THE CALVINISTIC CONCEPT OF CULTURE, by Henry R. Van Til; Baker Book House, 1972; 245 pp., $3.95 (paper).
This is a reprint of a book written in 1959 by the late Prof. H. Van Til who, for a number of years, served as professor of Bible in Calvin College. The book is a rather extensive treatment of the thorny question of the Christian’s cultural calling. In the first part, Van Til defines the issue under the following subjects: The Problem Stated, The Concept of Culture, The Relationship of Religion and Culture, Calvinism Defined, The Calvinistic Conception of Sin and Its Effects on Culture. In the second part he gives a brief historical survey of the question and treats especially Augustine, Calvin, Abraham Kuyper and K. Schilder.
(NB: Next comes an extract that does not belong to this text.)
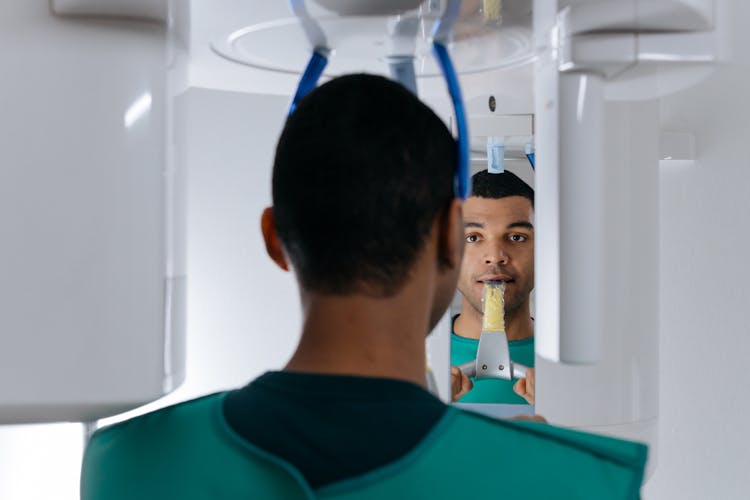 A Man Having A Dental Checkup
In the third part he discusses the problem itself under the headings: The Authority of Scripture in Calvinistic Culture, The Motivation of Faith in Calvinistic Culture, Calvinistic Culture and the Antithesis, The Calvinist and the World, Calvinistic Culture and Christ’s Mediatorial Kingship, Calvinistic Culture and Christian Calling, Calvinistic Culture and Common Grace.
While the book has a great deal of valuable information in it and is almost must reading for anyone interested in this subject, it has some glaring weaknesses. The chief of these is that it approaches the whole question of culture from the viewpoint of common grace which the author accepts as Scriptural. This so colors the book that it even distorts, on occasion, the historical material. The author interprets the views of Augustine and Calvin especially from the standpoint of common grace and does not do justice to their position.
The book is somewhat hard going, for the author’s style is not smooth and easy to follow. Anyone however, who makes a study of the whole important question of the Christian and culture shall have to peruse this work.